6/20/03: I feel human again and the pity party is over!!! I went to a settlement today and the walk across the parking lot seemed like a 5k but other than that I felt great. People in the attorney's office even commented on my face and my neck being smaller (I see them about once a month)....I thought it would be too soon to tell but I got on my scale today ~~ -13lbs ~~ UNBELIEVABLE!! Clear liquids are going to kill me before the 24th though....getting a little hungry...keep telling myself protein shakes are around the corner. This will be the first 4th of July that I won't be able to have a burger....I'll still be on full liquids at that point. Who cares right?....My friend Pam brought me a gift certificate to Victoria's Secret. I taped it to my mirror for added incentive to work with this band and get to my goal within the next 8-12 months!

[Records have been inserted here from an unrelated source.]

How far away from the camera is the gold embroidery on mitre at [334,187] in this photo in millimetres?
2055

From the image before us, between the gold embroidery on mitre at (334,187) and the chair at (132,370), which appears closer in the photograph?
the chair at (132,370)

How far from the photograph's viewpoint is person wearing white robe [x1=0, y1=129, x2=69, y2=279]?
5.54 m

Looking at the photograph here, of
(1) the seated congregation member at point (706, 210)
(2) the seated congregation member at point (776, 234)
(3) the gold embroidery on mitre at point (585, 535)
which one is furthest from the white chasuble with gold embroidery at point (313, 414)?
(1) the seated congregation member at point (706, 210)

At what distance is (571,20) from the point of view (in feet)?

6/17: Feeling a little guilty for having this surgery. My mother just found out today that she has breast cancer and it's also in her lymph nodes. My sister's best friend had a brain tumor removed yesterday and thought all was good but the preliminary tests came back today that there is more. Also one of her students was hit by a car and is in the ICU. As if that wasn't enough bad news in one day, my sister in law called to apologize for not calling me during my surgery..her father was diagnosed with cancer on Friday. and if it doesn't stop raining...........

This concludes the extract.